#### [Collected data]
#####

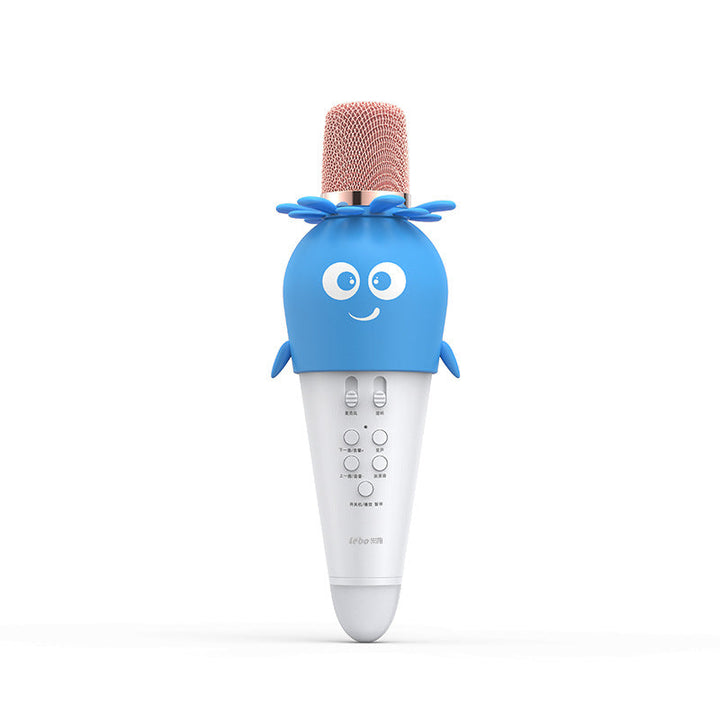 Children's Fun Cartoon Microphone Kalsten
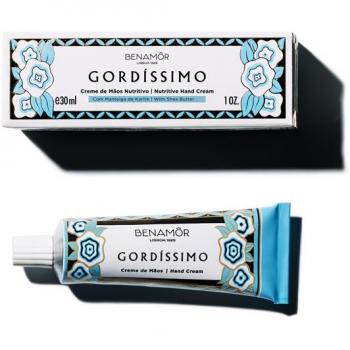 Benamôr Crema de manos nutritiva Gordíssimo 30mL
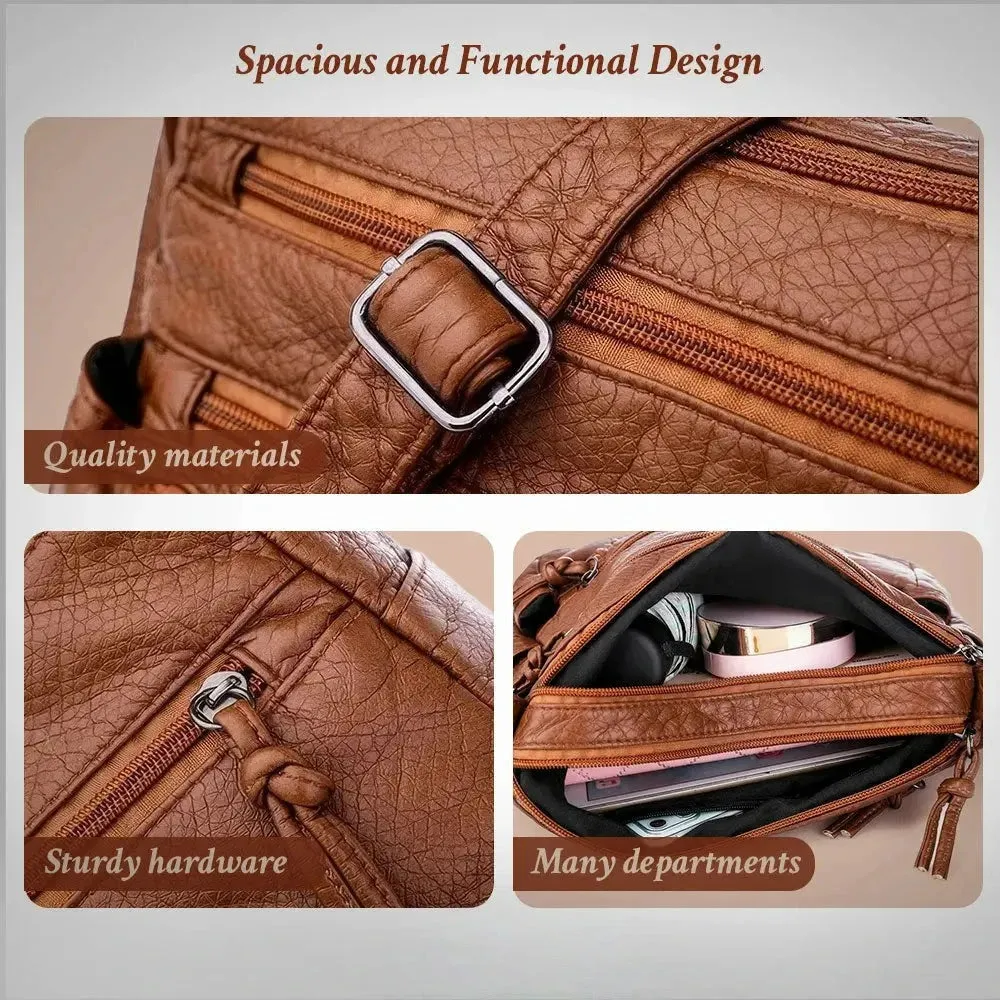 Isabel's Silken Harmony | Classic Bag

#####

#### [Task description]
I'd like the material above repeated exactly, with the pictures omitted.

#### [Output of the exercise]
 Children's Fun Cartoon Microphone Kalsten
 Benamôr Crema de manos nutritiva Gordíssimo 30mL
 Isabel's Silken Harmony | Classic Bag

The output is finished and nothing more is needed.